*** DATASET ENTRIES ***

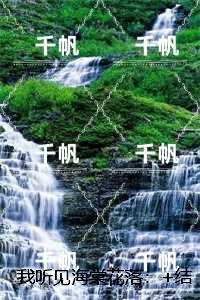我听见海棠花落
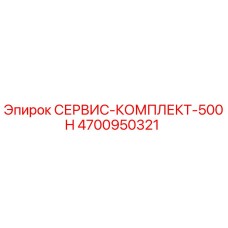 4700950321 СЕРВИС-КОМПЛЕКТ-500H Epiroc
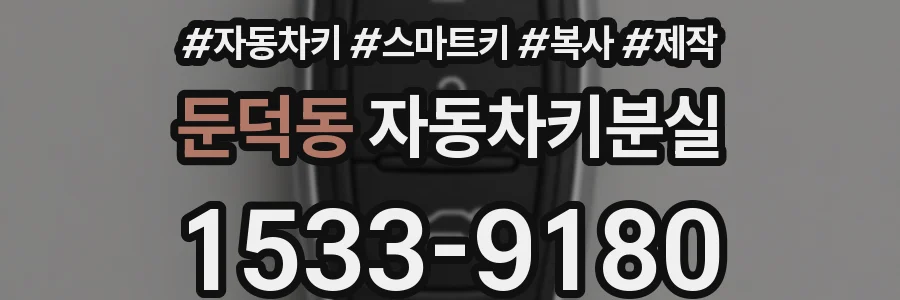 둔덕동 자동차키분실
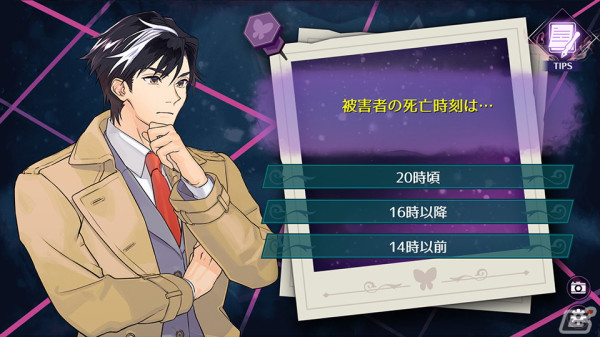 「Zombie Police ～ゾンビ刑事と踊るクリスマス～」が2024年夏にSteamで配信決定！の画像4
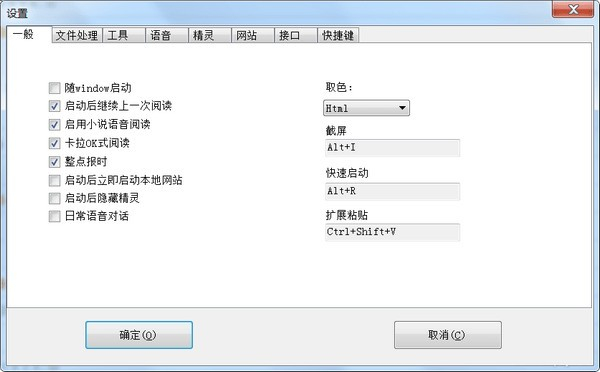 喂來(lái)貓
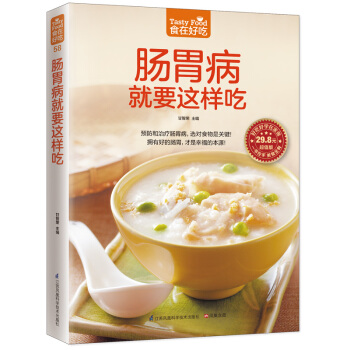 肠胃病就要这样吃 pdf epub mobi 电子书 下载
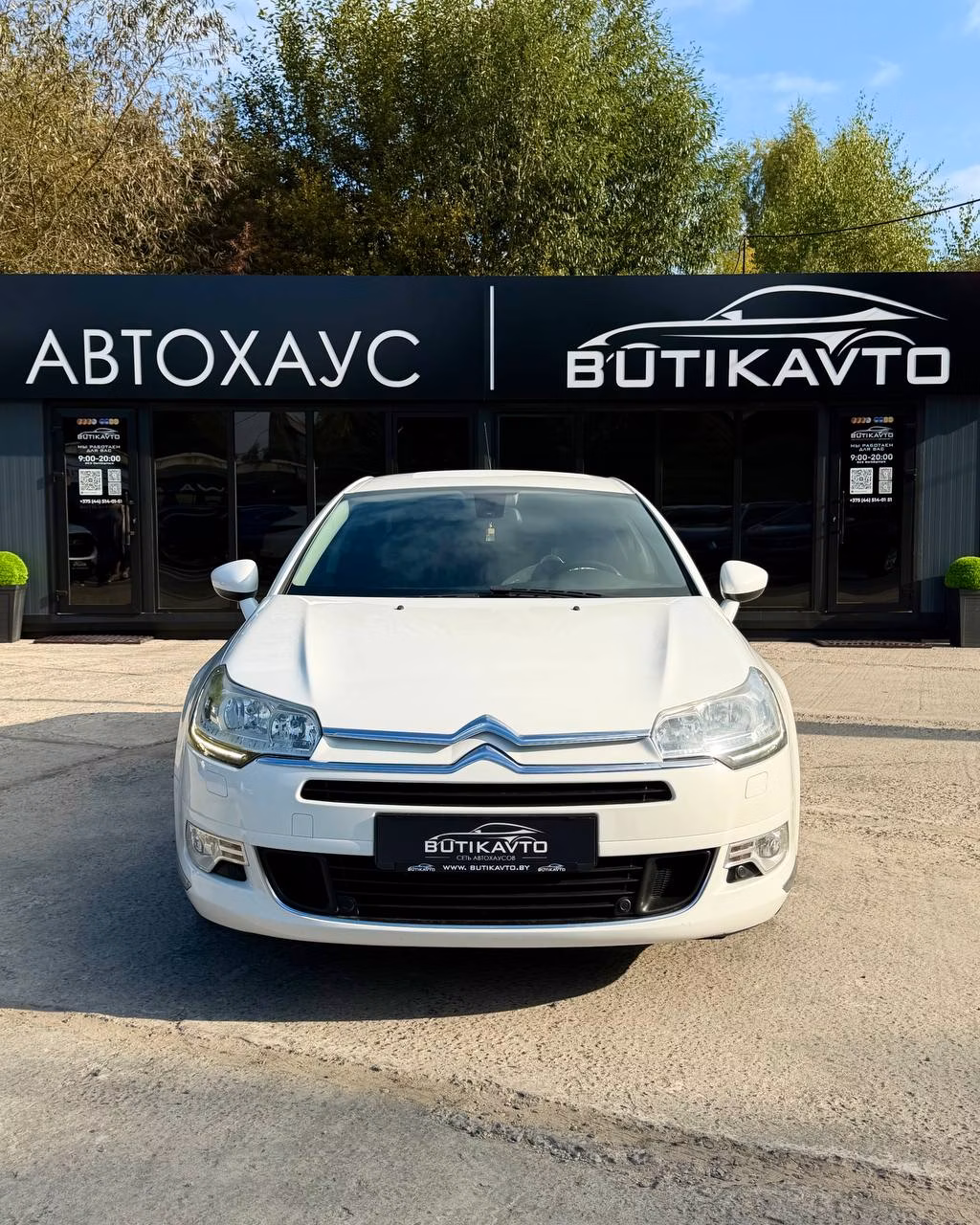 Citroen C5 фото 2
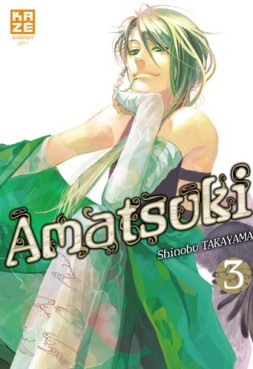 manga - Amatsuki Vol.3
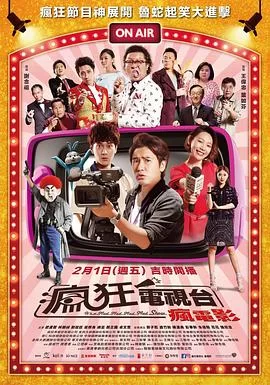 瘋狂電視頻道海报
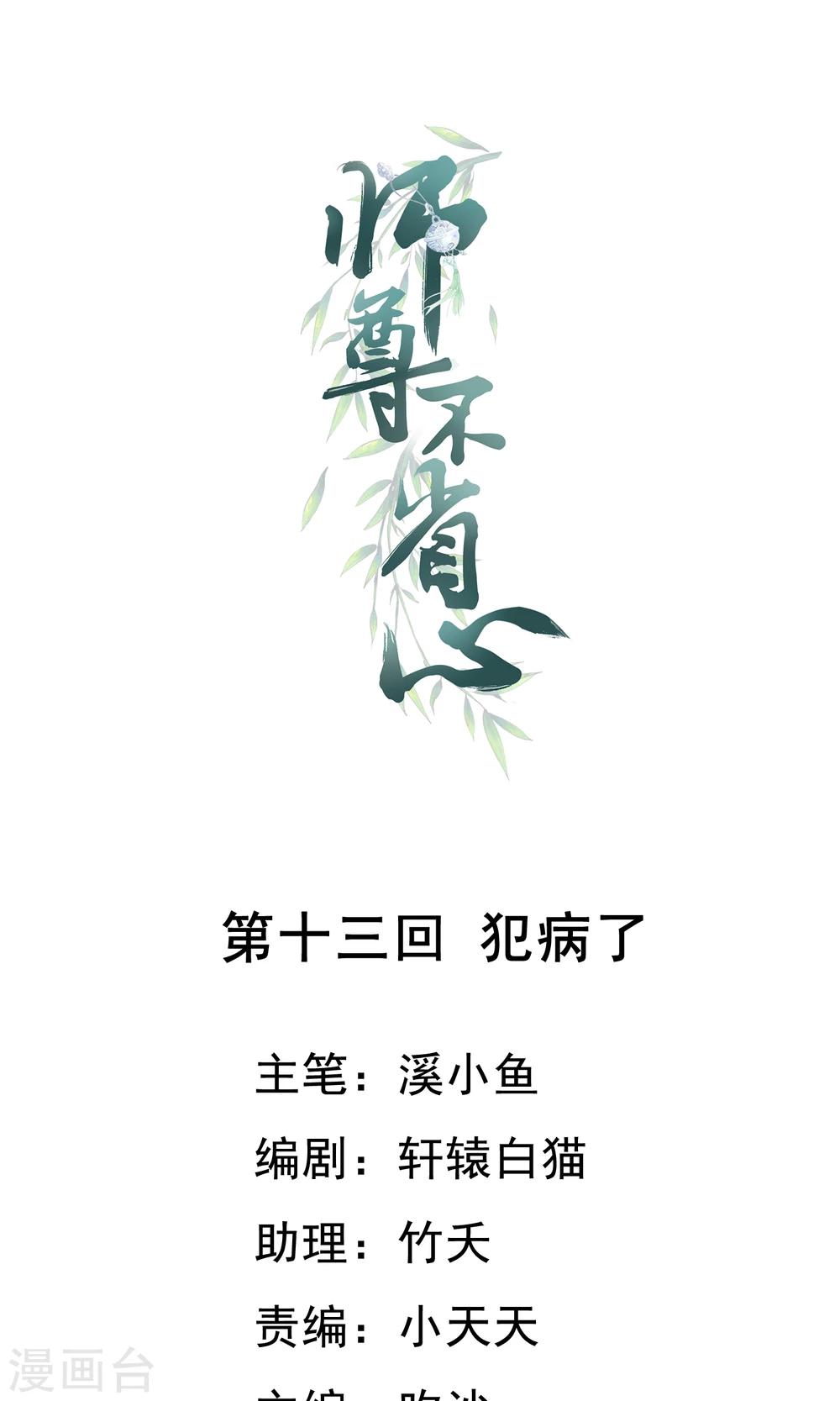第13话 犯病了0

*** End of DATASET ENTRIES ***

#### TASK TO CARRY OUT
Pictures do not belong in the copy. Reproduce the rest of the data exactly.

#### RESULT OF THE EXERCISE
我听见海棠花落
 4700950321 СЕРВИС-КОМПЛЕКТ-500H Epiroc
 둔덕동 자동차키분실
 「Zombie Police ～ゾンビ刑事と踊るクリスマス～」が2024年夏にSteamで配信決定！の画像4
 喂來(lái)貓
 肠胃病就要这样吃 pdf epub mobi 电子书 下载
 Citroen C5 фото 2
 manga - Amatsuki Vol.3
 瘋狂電視頻道海报
第13话 犯病了0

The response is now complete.